For another real world example of zero-copy in the wild, refer to Java's NIO library. Note that just like how I mentioned that my sample Read2 trait would likely need a variety of implementations for different styles of buffering, the Java guys have HeapByteBuffer, DirectByteBuffer, and MappedByteBuffer. A lot of people assumed that this style of I/O implies dynamically growing heap allocation only, but that's not a constraint at all.

No, it was host cpu memory, though it was mapped in the kernel with a device driver layer that used it exactly like RAID controllers would later.

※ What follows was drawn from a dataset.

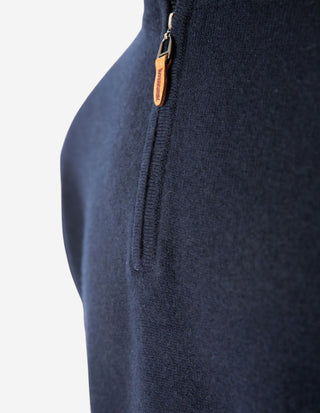 Tröja Zip Cashmere Marinblå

My apologies, I misunderstood. You did claim though that BOM-detection was something you've solved without much difficulty. That may be true, but it's an especially simple case in a larger class of problems, including things like smoothly handling memory-mapped I/O and then layering things like BOM-detection on top and also doing so safely on 32-bit platforms.

Or even 64-bit platforms, actually, as I was pointing out above: https://github.com/BurntSushi/ripgrep/issues/922

I'd also like to apologise for picking on ripgrep, in no way is this reflective of the quality of your coding. I'd rather that the situation be that people with less skill than you be able to write Rust code that is fast and correct. This takes special care and attention in the std library to "steer people into the pit of success" instead of the "pit of failure". Right now I suspect a lot of people are falling into pits full of stabby, pointy things...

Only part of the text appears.